**RECORDS SUPPLIED**
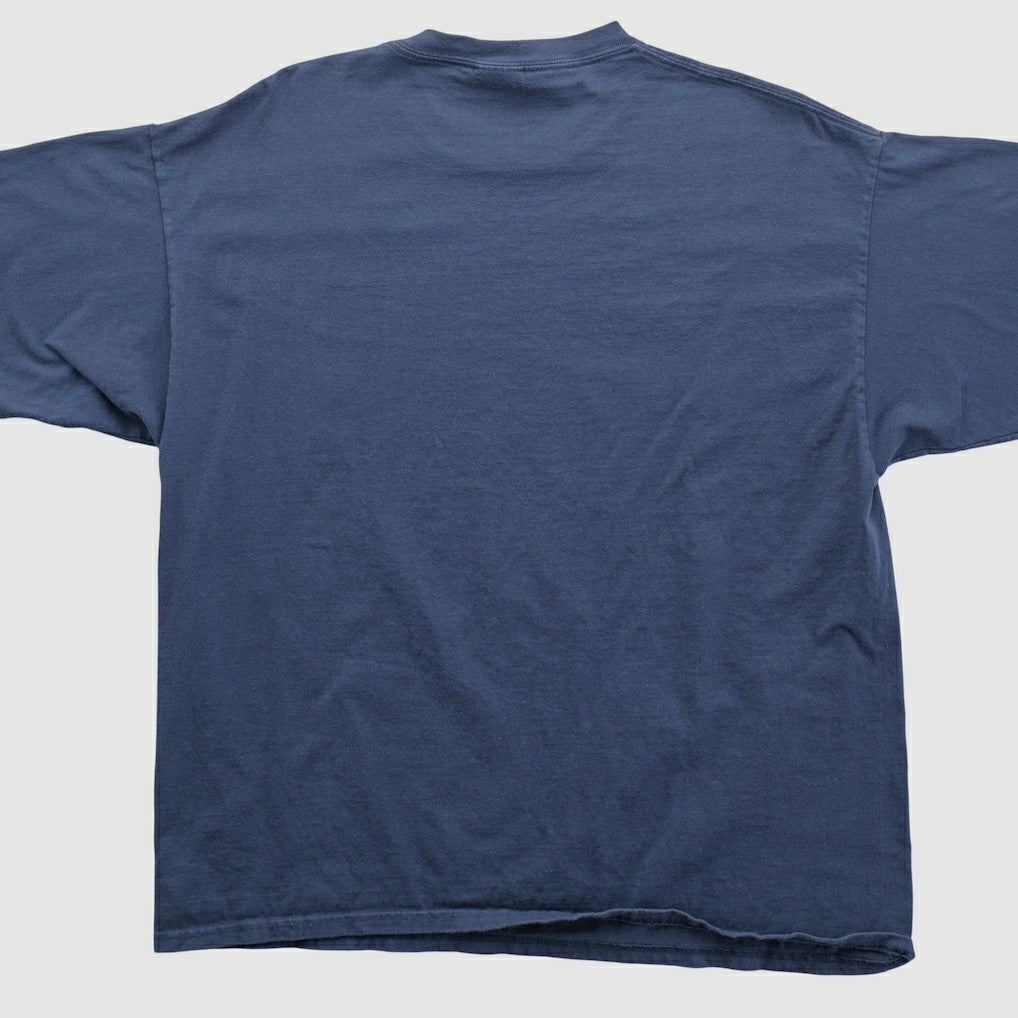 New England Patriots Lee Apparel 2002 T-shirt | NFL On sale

---

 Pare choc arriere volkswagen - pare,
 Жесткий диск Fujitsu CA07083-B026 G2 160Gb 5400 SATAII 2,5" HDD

**EXERCISE OBJECTIVE**
When the line with "Pare choc arriere" is reached in the data above, begin copying, and stop after the line with "Жесткий диск Fujitsu"; copy each line exactly, both ends included.

**OUTPUT FOR THIS EXERCISE**
 Pare choc arriere volkswagen - pare,
 Жесткий диск Fujitsu CA07083-B026 G2 160Gb 5400 SATAII 2,5" HDD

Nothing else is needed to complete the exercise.